Project | Research |
Year | 2022 – ongoing |
Tags | academia |
We have been working on a collaborative research project called "Composition as Explanation" alongside our design practice for some time now. Stemming from our conversations about graphic design, we are researching language systems within (graphic) design. We are interested in their progressive and regressive aspects and how they manifest various endeavors to position graphic design somewhere between applied work and a free art form.
This initially led to a shared Are.na channel with book recommendations, small notes, and eventually some collaborative documents where specific questions were formulated.
As a result of various engagements, designers develop narratives and positions using collective and/or individual language. This gives rise to creative, sometimes elaborate self-descriptions, words, categories, subcategories, and idiomatic expressions within an expanded conception of design. The language of design reproduces itself within a self-referential authoritarian bubble that is solidified in the so-called (design) canon. This canon limits the possibilities of expression and can inevitably lead to persistent conservatism.
Sharp, simple, slick, sensual...
Lyrical Design, Reflective Design, Emotional Design, Disobedient Design, Ontological Design...
What worlds do these language(s) represent, and how accessible are they outside (but also within) a class reunion, an art school, a cultural scene, or a design context? When does this language aim for understanding, and when is it self-serving, even exclusive? Where do we draw the line between expertise and gatekeeping in design and how we talk about it? What is the relationship between linguistic exploration and visual design?
In the (graphic) design theory, ominously referred to as design research, there is much discussion about the possibility of a non-teleological interpretation of graphic design as a point of resistance against capital. Interpretations, fictional moments that have always been an integral part of design (in the sense that design will always require a certain degree of translation), offer the possibility of creating worlds and imagining alternative scenarios.
These experimental, performative approaches tend to be occasionally fantastical, sometimes even out of touch with reality. On the other hand, text-based theoretical works can be very harsh, almost in the tradition of negative dialectics, leaving the reader with an understanding of a problem but also a kind of paralysis. Both approaches generate a certain set of phrases and expressions.
In contrast, in applied (graphic) design, one is often called upon to "speak" on behalf of others. However, it is precisely this impossibility of "speaking" for others that is highlighted here. Design is never neutral or universal but highly subjective, and personal responsibility must be assumed automatically, as well as the language itself. Therefore, the relationship and navigation between reading and speaking are among the main themes that designers can negotiate.

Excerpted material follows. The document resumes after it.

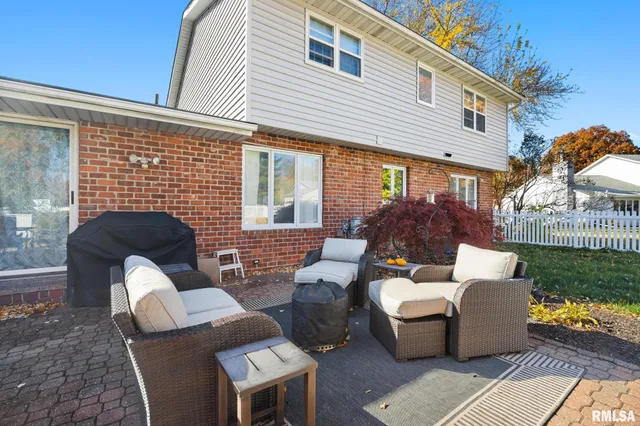 $400,000 | 73 Hickory Ridge Drive, Morton, IL 61550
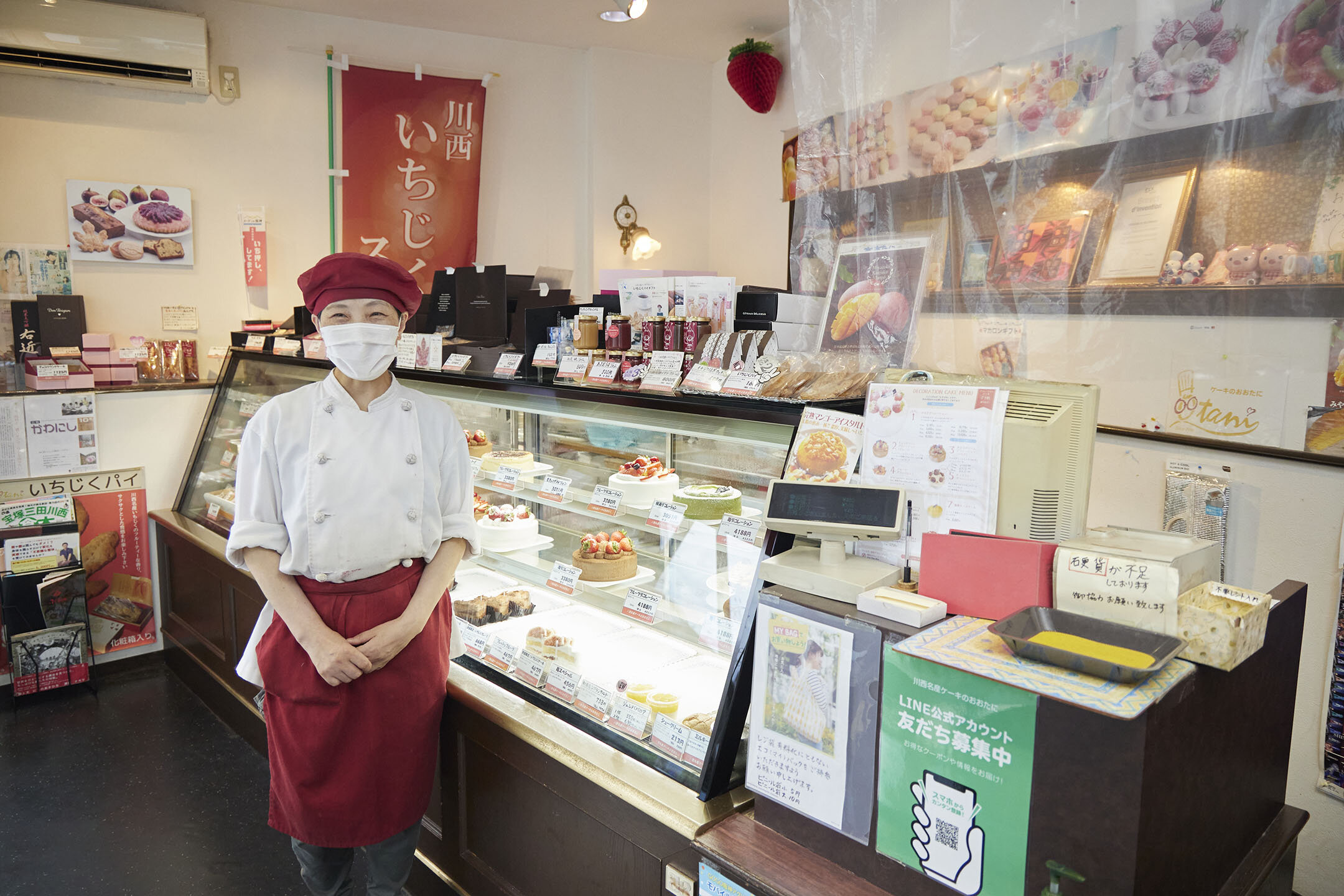 「川西名産ケーキのおおたに」店長の大谷さん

By assembling and embodying different texts, borrowing positions within a Live Action Reading Group (LARG), we attempt to develop a possible response through composition. A LARG is a format we have conceived that hybridizes between a Live Action Role Play (LARP) and a reading group. By consciously adopting positions of designers, theorists, artists, authors, and activists based on their texts and physically materializing them in a systemic constellation, people are positioned in space as representatives of members or aspects of a system/thought/position, engaging in relationships and dialogue. The reception of a text becomes performative research.